Regardless of how badly you may have done things in the past, here's how to prevent problems in the future. First, start with top-shelf equipment like HP Proliant servers. Sure, there will be flames for this recommendation but, think about it. There is a reason that HP Proliant servers are the ONLY choice in almost every Fortune 1000 company. Regardless of some anecdotal whining about poor support that is sure to follow my post, HP Proliants ARE that good!
Use hot-pluggable SCSI drives attached to a battery backed-up RAID controller and a hot-spare drive. Do NOT use IDE and you might even want to forgo SATA though they are a possibility. Use high quality ECC memory, dual processors, redundant power supplies and don't forget to fully utilize HP's management utilities to monitor and manage the server. SNMP and HP's Insight Manager will not only let you know, via alarms or alerts or pagers or email, before a drive fails. It will let you know when your logs are getting too large or your utilization is too high or even restart Apache for you should it fail.
Now this is all well and good for greatly reducing downtime to almost none but, it doesn't guarantee uptime. To guarantee 100% uptime you need to implement redundant systems behind a load-balancer or implement a cluster. If you're super paranoid, both. Naturally you need to also have redundant power sources and network connectivity with all this so that you do not have a single point of failure ANYWHERE.
Naturally, all this will cost big piles of cash. But that's what it takes for 100% uptime. If you're going to try and use white-box desktop hardware you've already failed it!
are extremely low given the MTBF of modern drives. You have a better chance of a power supply or fan failure.
On that basis I am going to make some wild assed guesses that are more probable given the little information we have.

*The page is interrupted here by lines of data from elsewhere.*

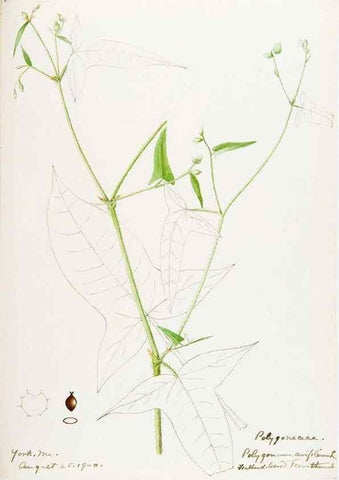 Reproducción/Reproduction 48787624228: [Water-color sketches of plants of North America and Europe]. . 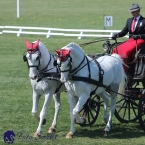 Kladruby 2019 - čtvrtek + pátek - drezury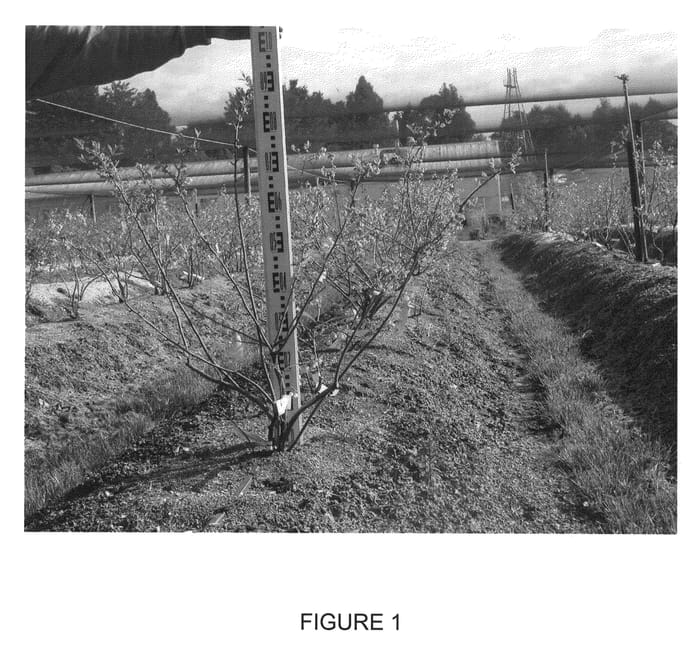 Figure 1 of US plant patent PP21736, the photograph of Blue Moon printed in the patent.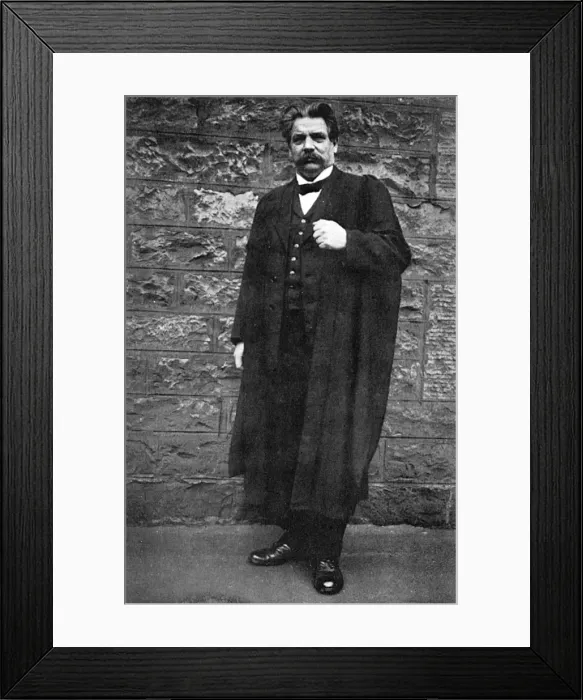 Framed Print : Schweitzer Academic Framed Print : Schweitzer Academic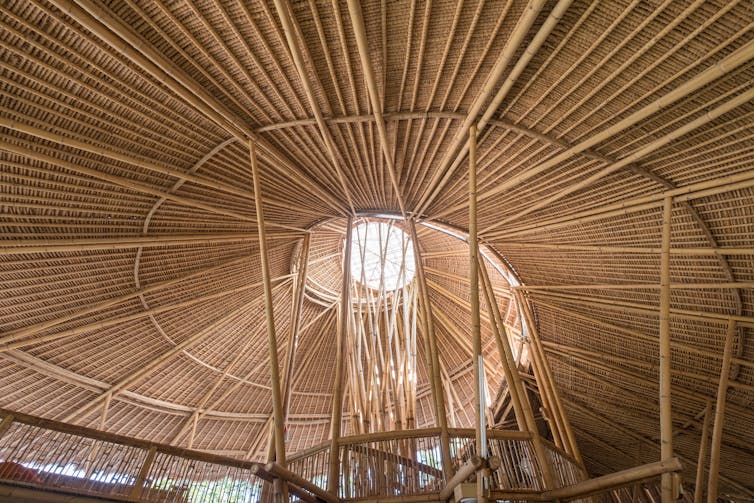 bamboo architectural forms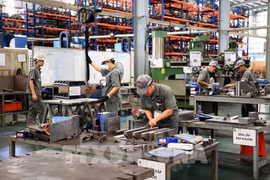 Workers at Giang Dien Industrial Park, Trang Bom district, the southern province of Dong Nai (Photo: VNA)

1) the drives were consumer models from the same production lot,
2) the death of the first drive was not immediately noticed,
3) compatible replacement drives are not easy to come by (no hot spare),
3) the second drive died before the first one was replaced,
4) the server did not have hot swap drive carriers
5) someone tried to replace the dead drive in the running chassis
If you don't like my guesses provide your own
Preventing downtime is an expensive, time consuming exercise, with few limits.
Before tackling the problem of downtime you should consider how much downtime is acceptable. See the discussion on downtime at the Uptime Institute regarding what is acceptable. Are you looking for 99.999% uptime? Dream on.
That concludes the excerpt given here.